◆ WHAT IS NEEDED ◆
Please copy the lines below, exactly as they are, from the one with "A woman wearing" through the one with "Opposition supporters with", and leave out the pictures.

◆ RECORDS FOR THIS TASK ◆
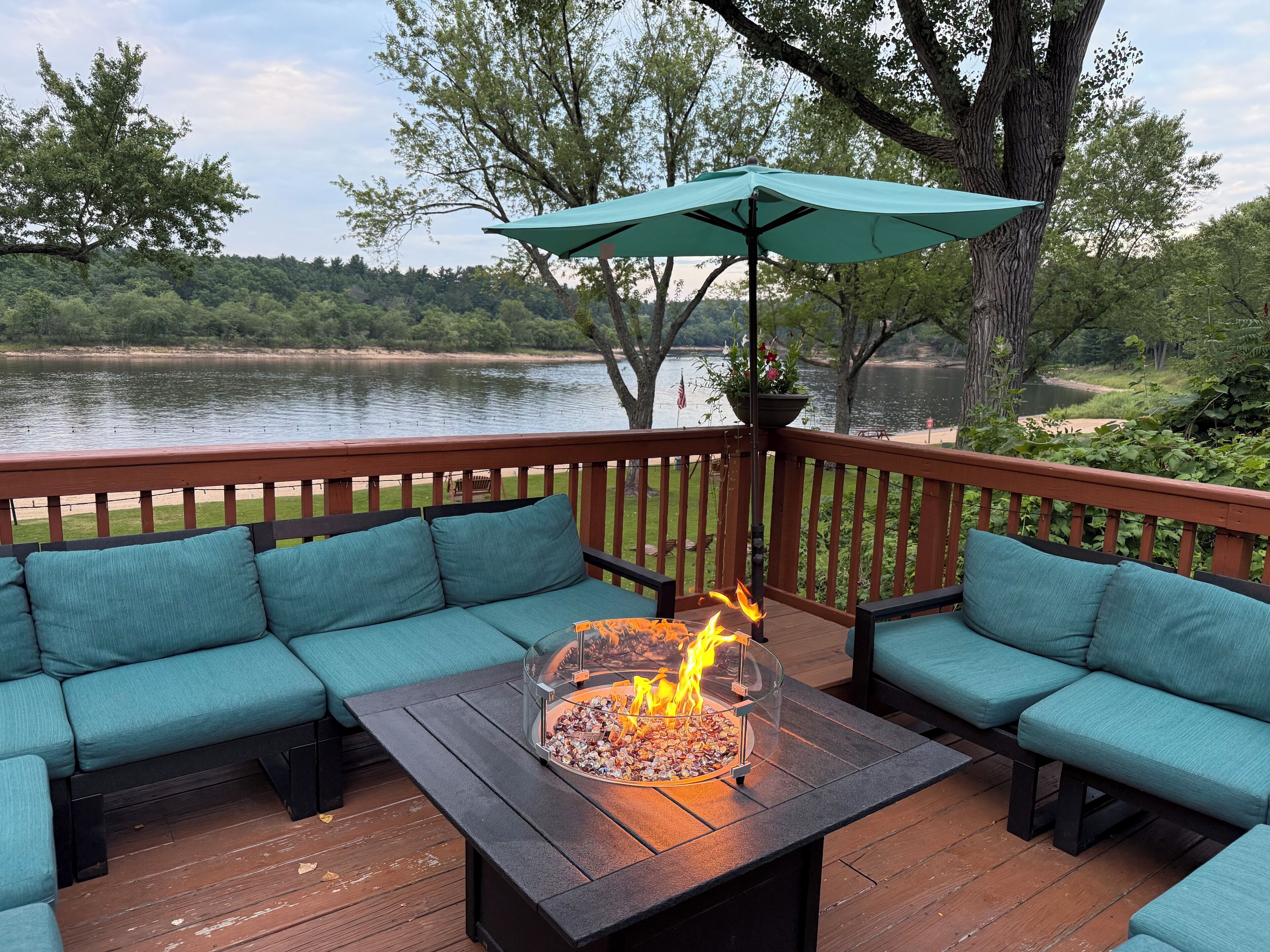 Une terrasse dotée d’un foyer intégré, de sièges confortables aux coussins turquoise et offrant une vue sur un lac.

...

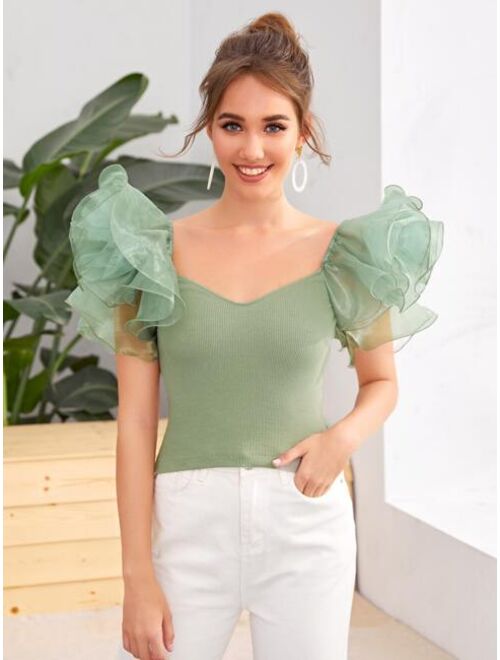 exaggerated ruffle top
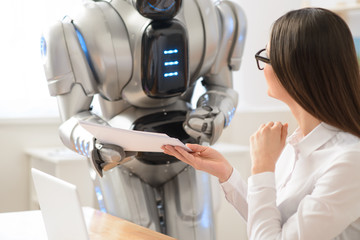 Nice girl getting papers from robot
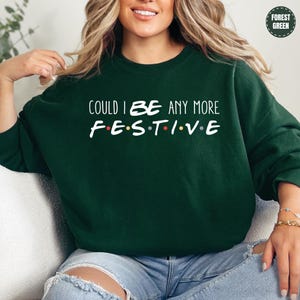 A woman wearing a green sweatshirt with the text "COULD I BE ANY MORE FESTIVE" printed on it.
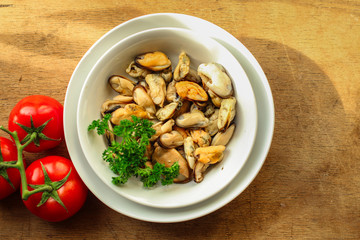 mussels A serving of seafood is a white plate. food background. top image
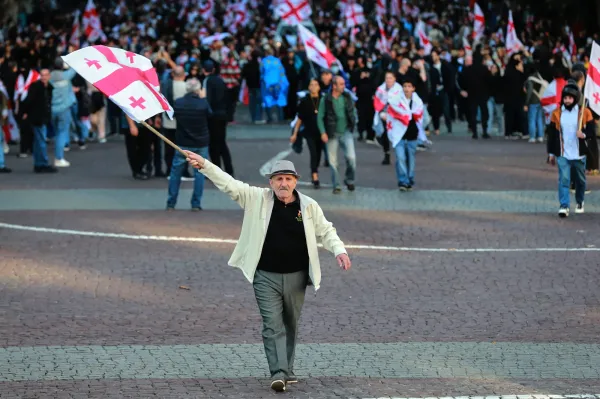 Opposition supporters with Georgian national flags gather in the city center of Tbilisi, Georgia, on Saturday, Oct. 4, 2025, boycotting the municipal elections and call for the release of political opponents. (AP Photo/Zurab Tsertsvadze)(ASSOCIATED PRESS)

---

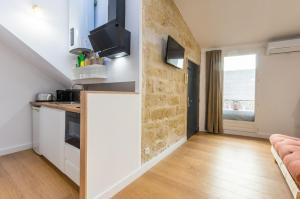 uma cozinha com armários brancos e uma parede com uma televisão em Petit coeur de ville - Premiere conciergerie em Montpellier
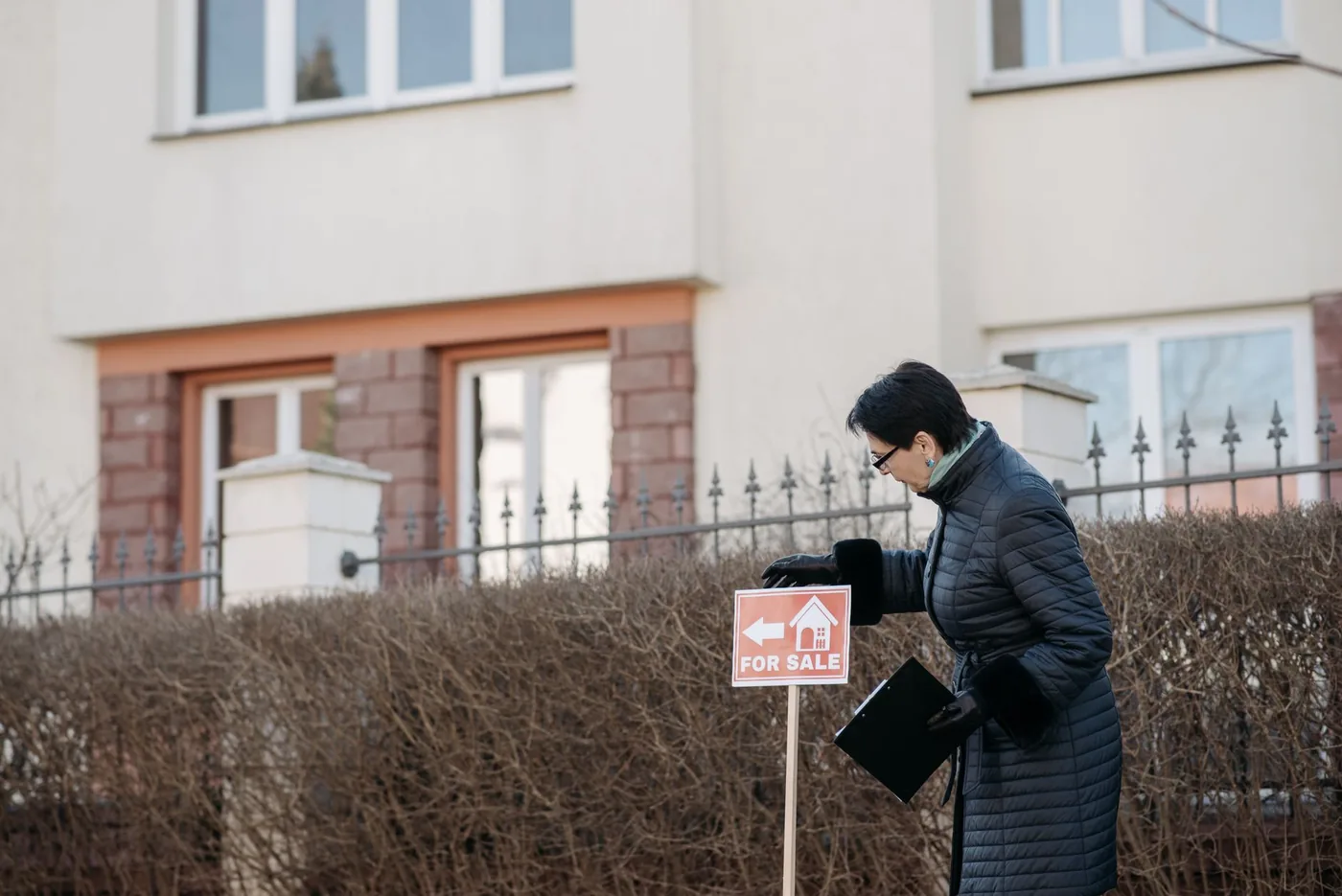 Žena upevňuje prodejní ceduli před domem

◆ SOLUTION TO THE PROBLEM ◆
 A woman wearing a green sweatshirt with the text "COULD I BE ANY MORE FESTIVE" printed on it.
 mussels A serving of seafood is a white plate. food background. top image
 Opposition supporters with Georgian national flags gather in the city center of Tbilisi, Georgia, on Saturday, Oct. 4, 2025, boycotting the municipal elections and call for the release of political opponents. (AP Photo/Zurab Tsertsvadze)(ASSOCIATED PRESS)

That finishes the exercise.